▶ [DATASET SECTION]

● ● ● ● ●

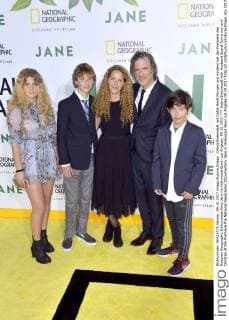 Debra Eisenstadt mit Gatte Brett Morgen und Kindern bei der Premiere des National Geographic Dokumentarfilms Jane im Hollywood Bowl. Los Angeles, 09.10.2017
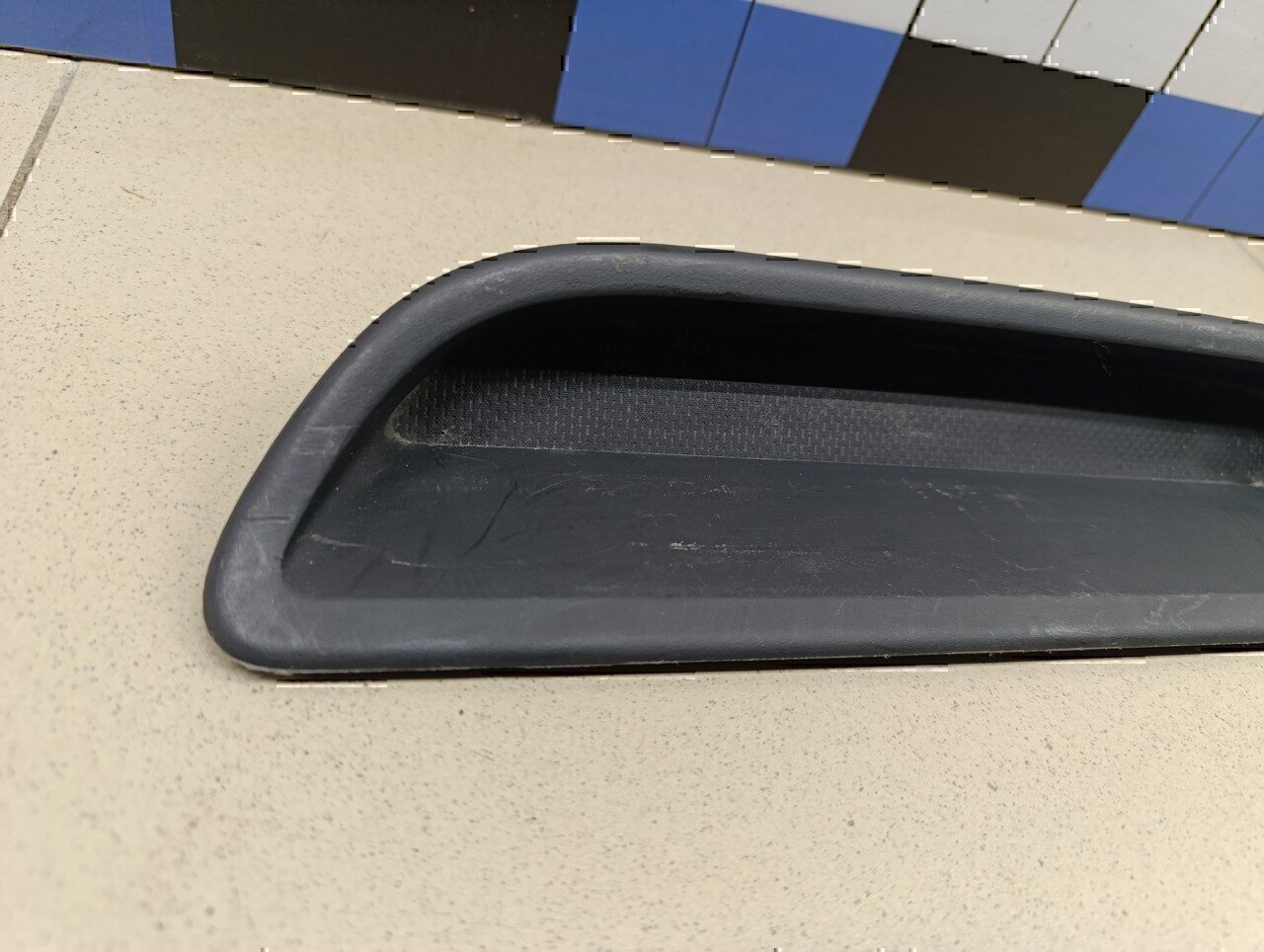 Накладка (кузов внутри) MITSUBISHI Outlander (GF) 2012>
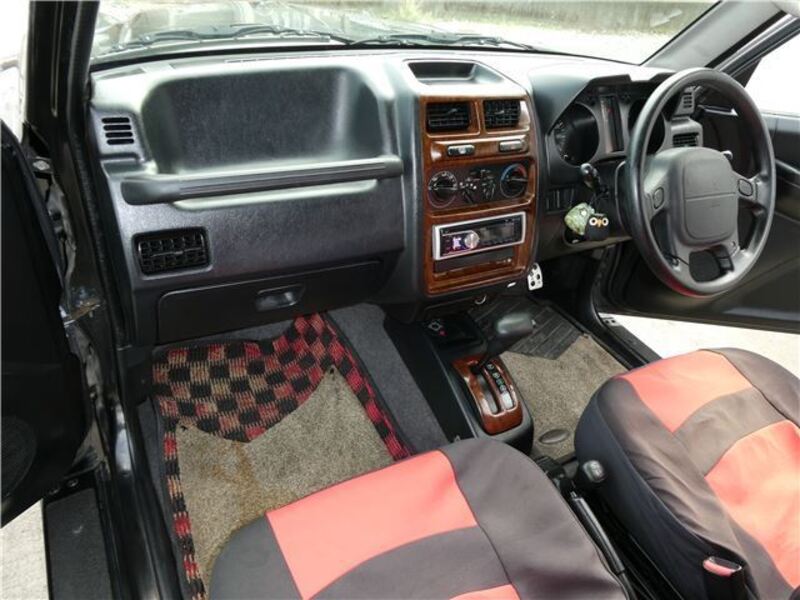 PAJERO JR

● ● ● ● ●

▶ [ACTION ITEM]
Copy only the lines running from the one that holds "Накладка (кузов внутри)" through the last line of the data, and include both of those lines. Do not copy any pictures.

▶ [WORKED SOLUTION]
 Накладка (кузов внутри) MITSUBISHI Outlander (GF) 2012>
 PAJERO JR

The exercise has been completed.